I have reached the age I always wished to be, and only now do I realize how much time I wasted waiting, counting, pretending. I look back at my childhood when I still trusted the world and expressed freely my love for strangers and strange places. I imagined that as I got older, I’d grow wiser and my fear would dissipate, but I have found the opposite to be true. I was wiser when I was a child, watching families of deer through my kitchen window, collecting rocks and fossils in the driveway, lining doorways with salt to keep out evil fairies.
Now I worry about money, about school, about love. I second-guess myself before I speak. I wonder if I express myself too much or too little, if my words will be received well, or if they will be rejected. I was once fearless, but now I walk through this world on my tiptoes, quietly avoiding obstacles and hoping that if I am careful and calculated enough, I will make it to the clearing among the trees.
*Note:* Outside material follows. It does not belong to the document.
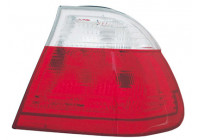 Combination Tail Light 11-5916-11-2 TYC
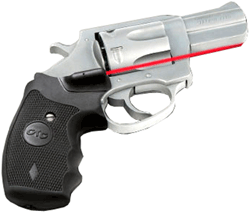 Crimson Trace Laser Lasergrip - Red Charter Arms - Skoutley Outdoors LLC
I believed to have distanced myself so much from the little girl I once was, yet the things I felt then have not changed. I am still afraid of the dark, my eyes still fill with tears when I think of my father, I still seek comfort in the softness, I still crave gentle love. Sometimes I am still angry, still sad. Other times, I feel joy so great it spills out of me. I still remember the stories I would fall asleep to, and now I come up with my own.
Now that I am older, I wish I could go backwards. But no, that isn’t right either. Now that I am older, I can honor her, the girl with the bowl cut who wore her mother’s silver jewelry on her little hands and wrists. I can honor her and bring her closer to the surface, let her walk with me again, hand in hand. I can hold her and love her. I can nurture her, and let her nurture me.